Information shown below:

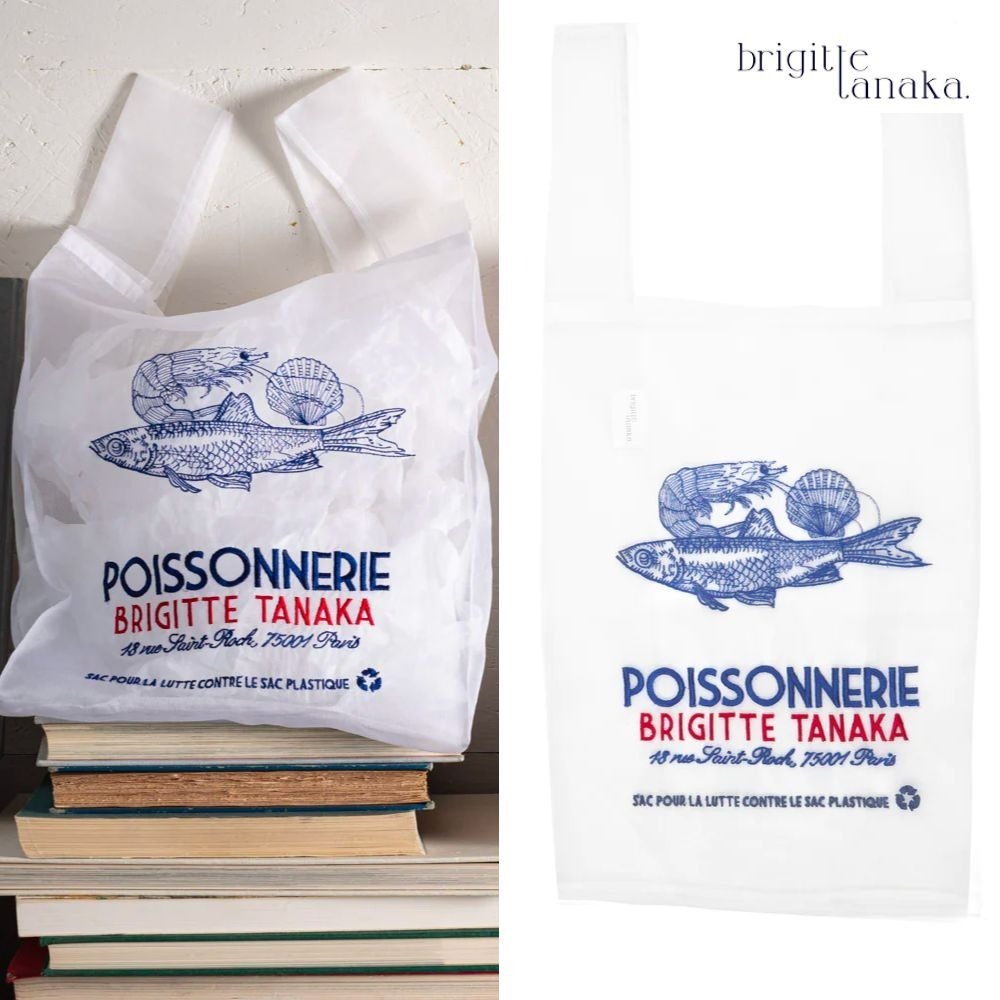 Brigitte Tanaka 魚屋モチーフ レーヨン ショッピングバッグ
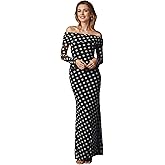RARITYUS Women's Elegant Polka Dot Off Shoulder Maxi Dress Sexy Sheer Mesh Long Sleeve Bodycon Dress Party Vacation Dress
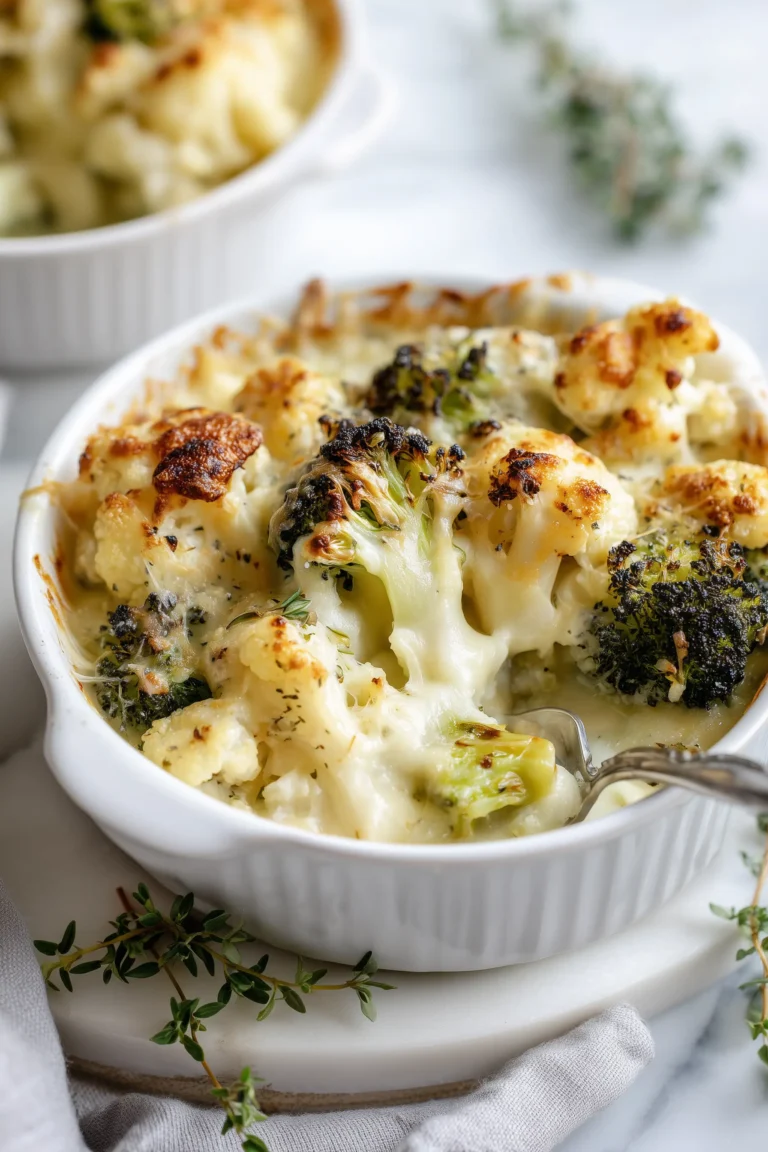 Broccoli Cauliflower Cottage Cheese Bake in a white dish with golden crust and vibrant vegetables.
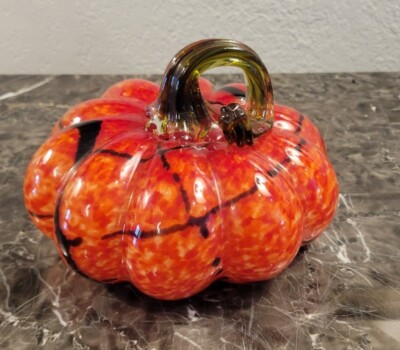 Blown Art Glass Deep Orange Speckle Pumpkin Black Spiral Accent Green Twist Stem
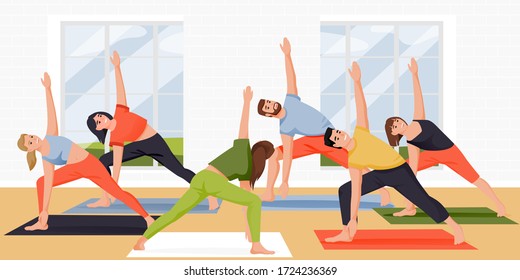 People stand in triangle pose trikonasana. Women and men practicing yoga and meditation with instructor in studio. Vector flat cartoon characters illustration. Active lifestyle, fitness and yoga class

End of Information shown.

Omit every picture while printing the data word for word.

Task response:
 Brigitte Tanaka 魚屋モチーフ レーヨン ショッピングバッグ
RARITYUS Women's Elegant Polka Dot Off Shoulder Maxi Dress Sexy Sheer Mesh Long Sleeve Bodycon Dress Party Vacation Dress
 Broccoli Cauliflower Cottage Cheese Bake in a white dish with golden crust and vibrant vegetables.
 Blown Art Glass Deep Orange Speckle Pumpkin Black Spiral Accent Green Twist Stem
 People stand in triangle pose trikonasana. Women and men practicing yoga and meditation with instructor in studio. Vector flat cartoon characters illustration. Active lifestyle, fitness and yoga class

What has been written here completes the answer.